Start of Material provided

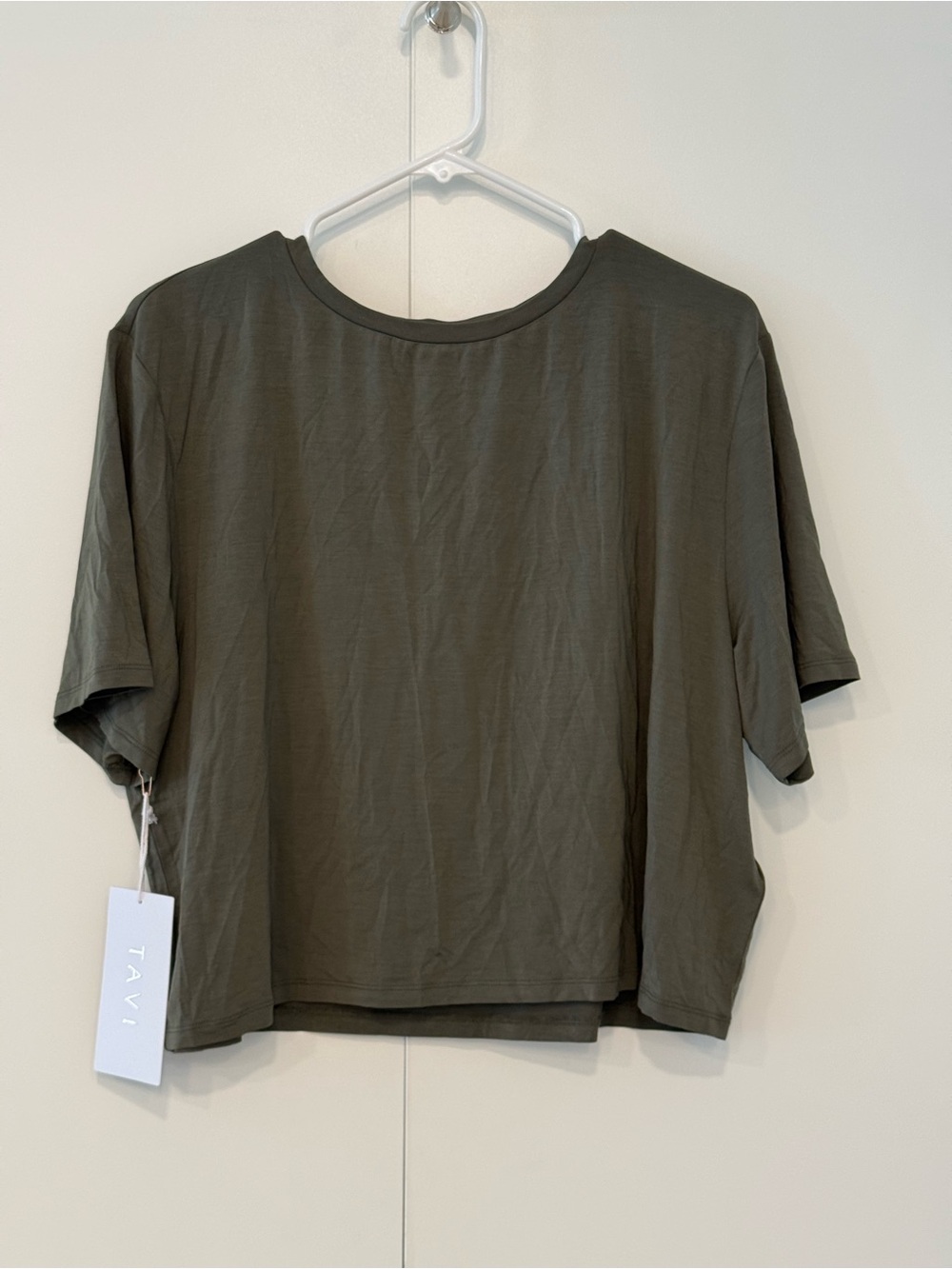 TAVI Crop Tee Women’s Size Large Olive Green NWT
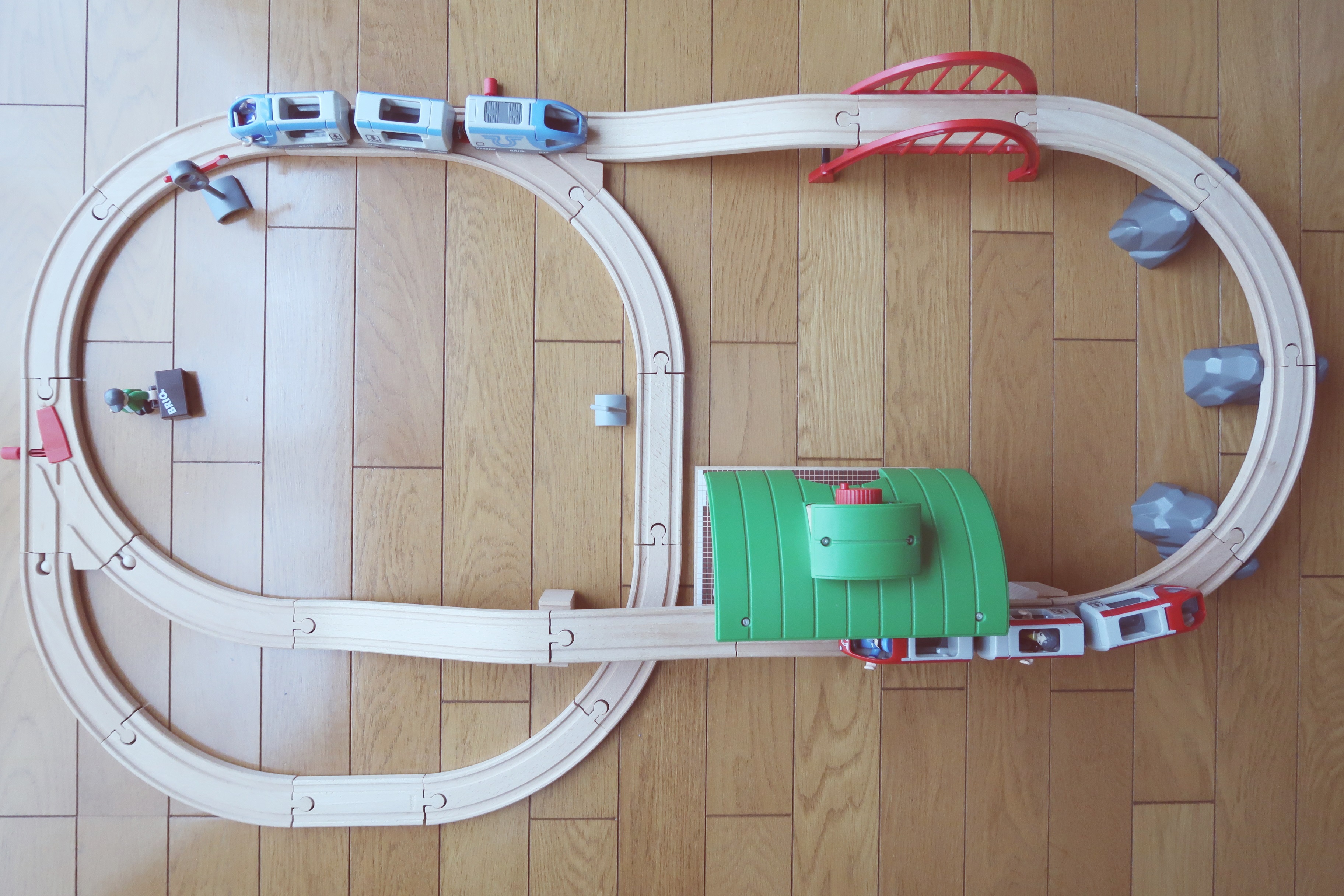 BRIOのトラベルレールセットは初めての購入におすすめ。1歳からの電車遊びはこれ  おもちゃであそぼ！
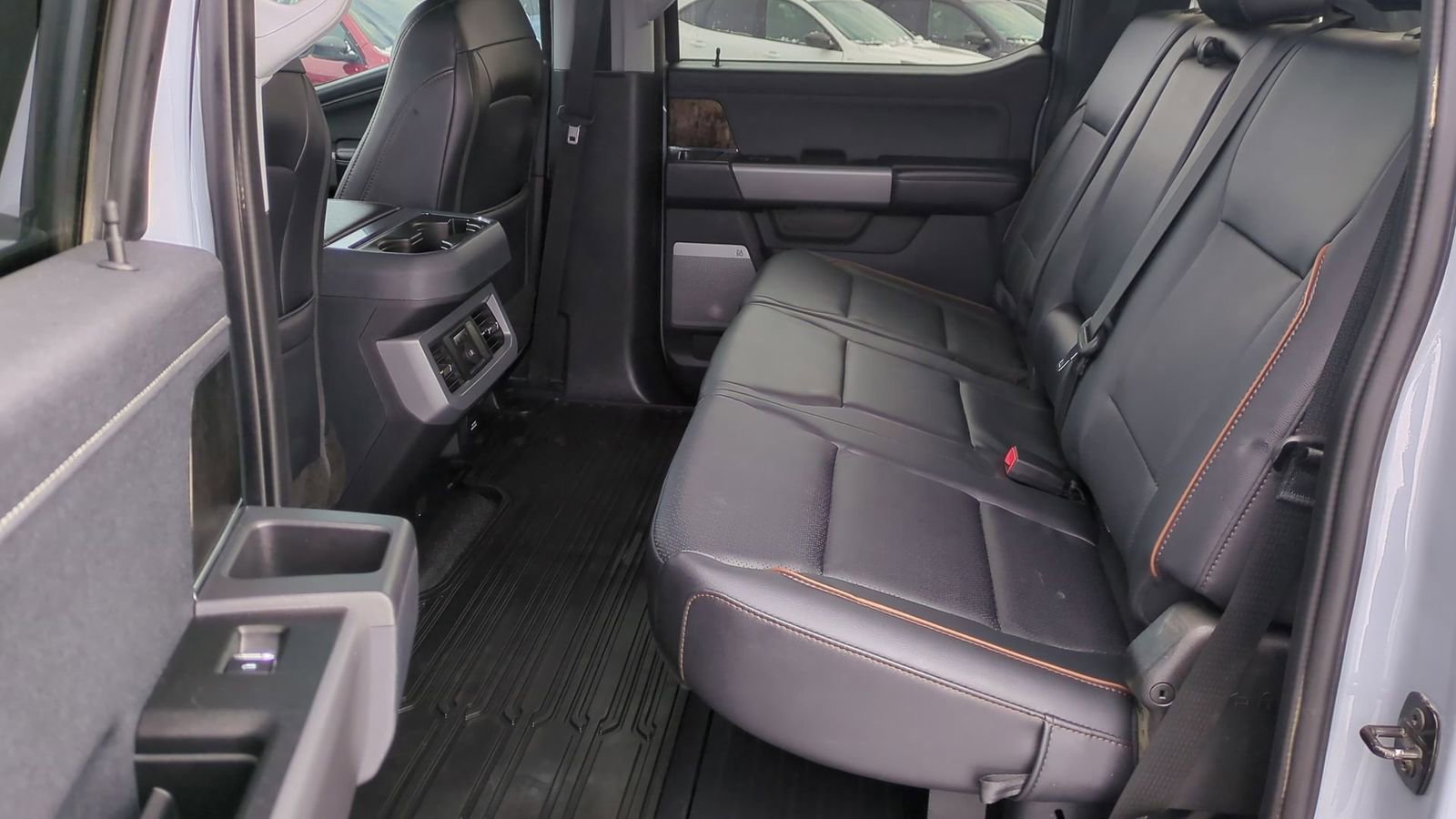 Certified 2025 Ford F350 Lariat w/ Black Appearance Package image 20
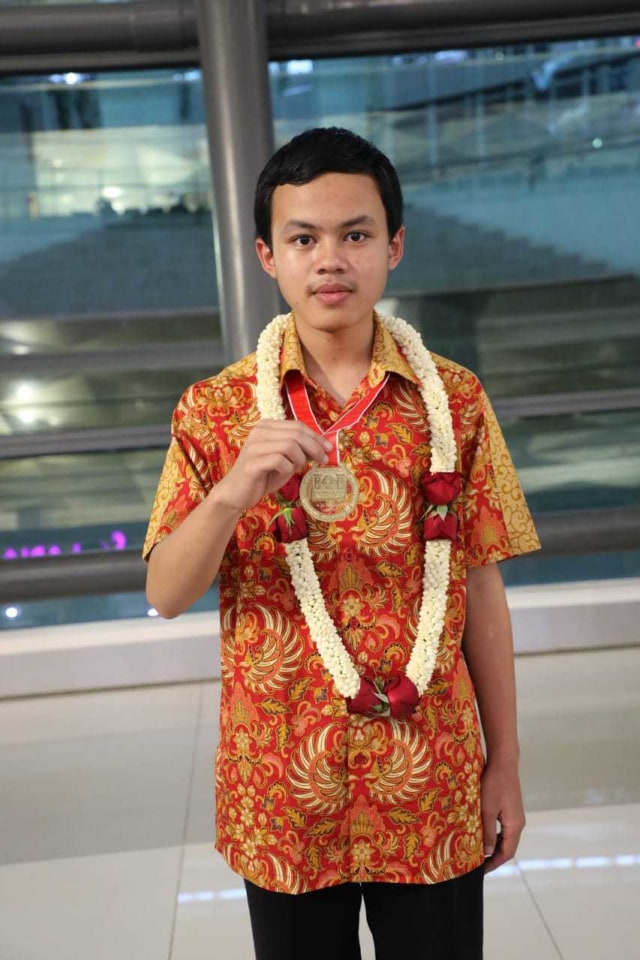 Tim Olimpiade Komputer Indonesia Raih Medali di Azerbaijan
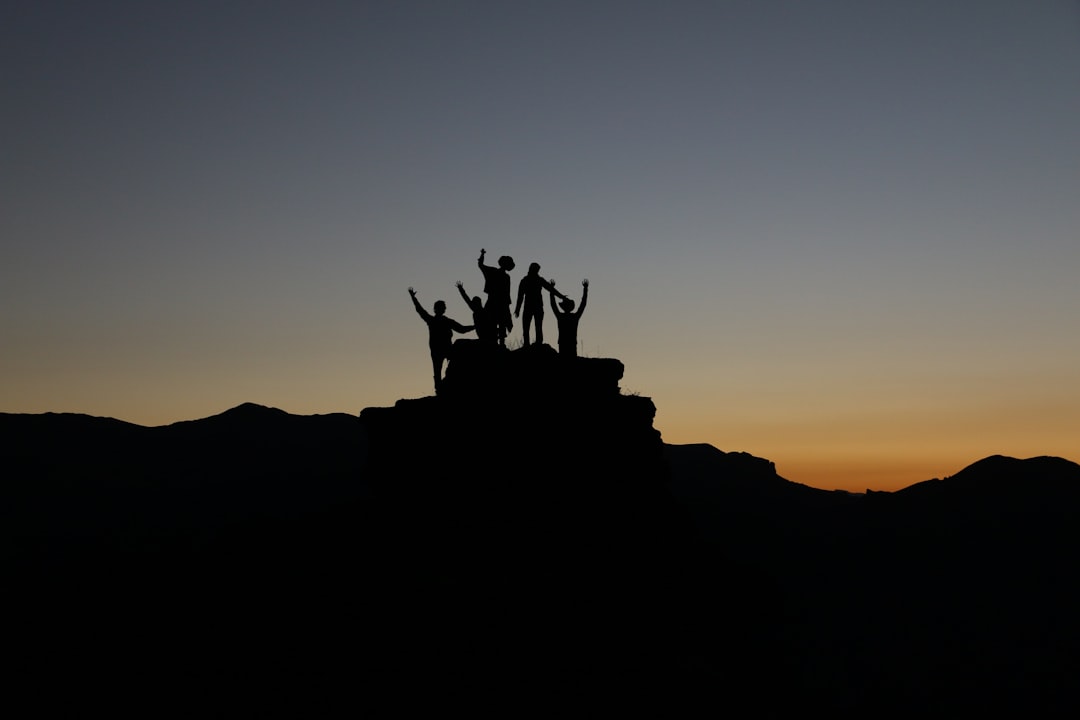 découvrez les clés du leadership efficace, des conseils pour inspirer et motiver vos équipes, ainsi que des stratégies pour développer votre potentiel en tant que leader. apprenez à naviguer dans les défis du leadership moderne et à bâtir un environnement de travail positif.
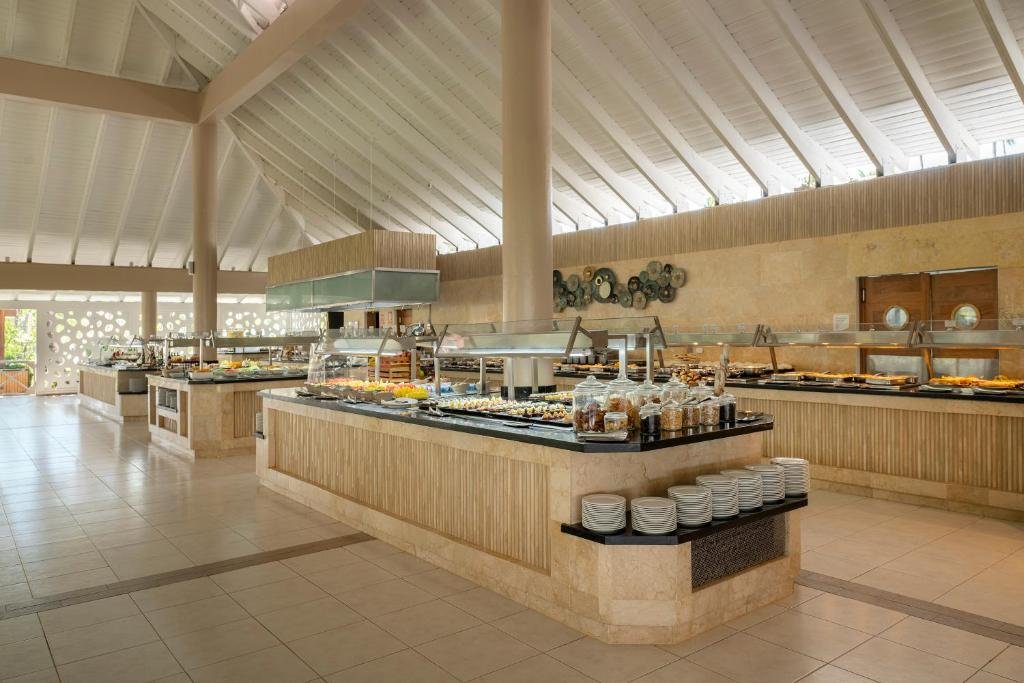 Grand Palladium Select Bavaro resort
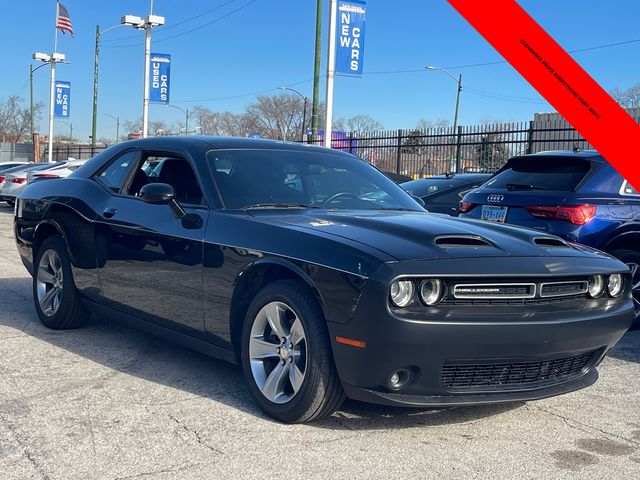 2021 Dodge Challenger SXT RWD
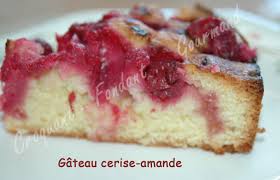 Ce Gateau Cerise Amande Est A Faire A La Saison Des Cerises Ou Avec Des Cerises Surgelees La Pate Agrementee D Gateau Cerise Gateau A La Cerise Dessert Cerise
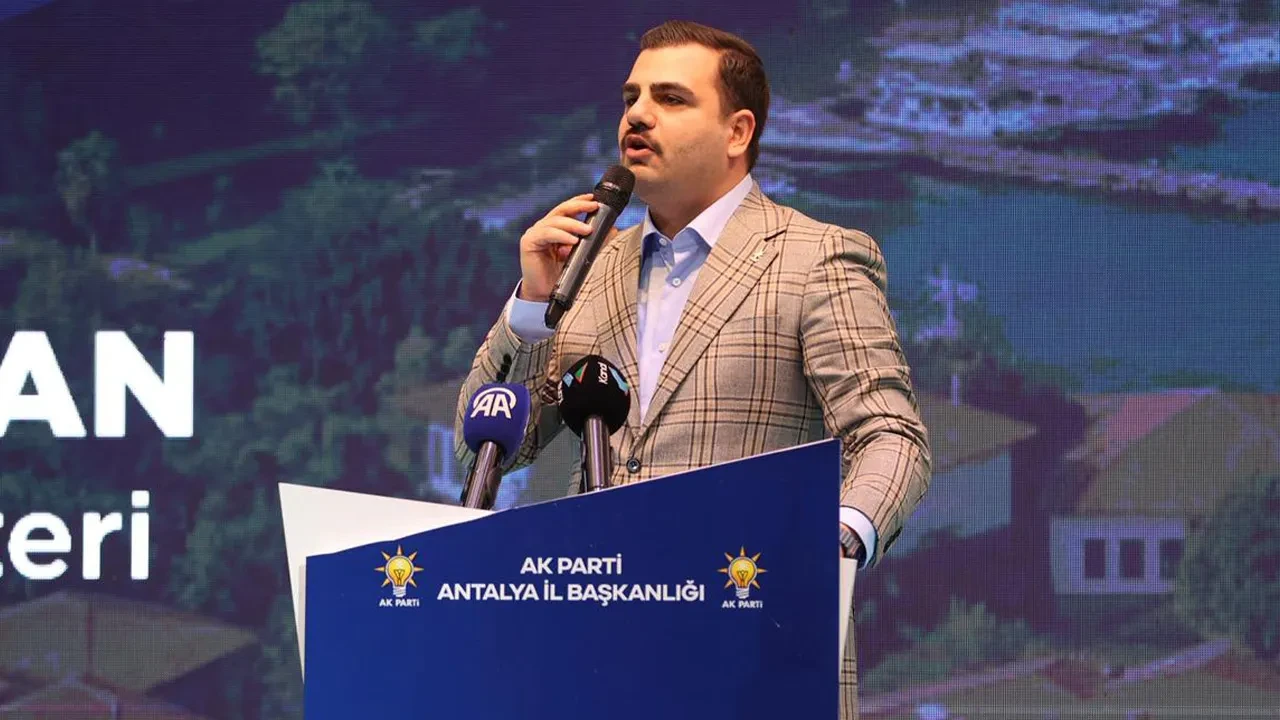 AK Partili Eyyüp Kadir İnan'dan Ramazan ayı vurgusu: Kamusal alanda yaşayacağız, gücünüz yetiyorsa engel olun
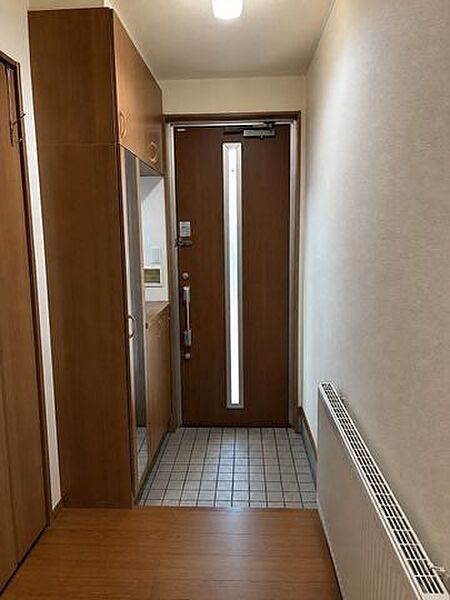 【玄関】※CG加工を施しています縦長スリット窓から光がやさしく差し込み、明るく清潔感のある空間。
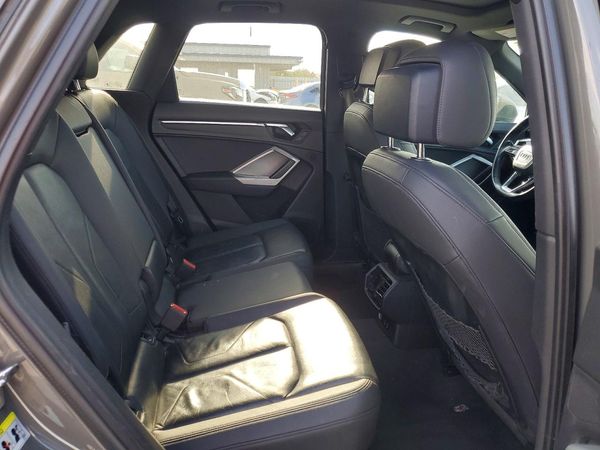 2019 AUDI Q3 quattro Premium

End of Material provided

* [Exercise description]: The output has to match the data above line for line, except that pictures are dropped.

* [Output]:
 TAVI Crop Tee Women’s Size Large Olive Green NWT
 BRIOのトラベルレールセットは初めての購入におすすめ。1歳からの電車遊びはこれ  おもちゃであそぼ！
 Certified 2025 Ford F350 Lariat w/ Black Appearance Package image 20
 Tim Olimpiade Komputer Indonesia Raih Medali di Azerbaijan
 découvrez les clés du leadership efficace, des conseils pour inspirer et motiver vos équipes, ainsi que des stratégies pour développer votre potentiel en tant que leader. apprenez à naviguer dans les défis du leadership moderne et à bâtir un environnement de travail positif.
 Grand Palladium Select Bavaro resort
 2021 Dodge Challenger SXT RWD
 Ce Gateau Cerise Amande Est A Faire A La Saison Des Cerises Ou Avec Des Cerises Surgelees La Pate Agrementee D Gateau Cerise Gateau A La Cerise Dessert Cerise
 AK Partili Eyyüp Kadir İnan'dan Ramazan ayı vurgusu: Kamusal alanda yaşayacağız, gücünüz yetiyorsa engel olun
 【玄関】※CG加工を施しています縦長スリット窓から光がやさしく差し込み、明るく清潔感のある空間。
 2019 AUDI Q3 quattro Premium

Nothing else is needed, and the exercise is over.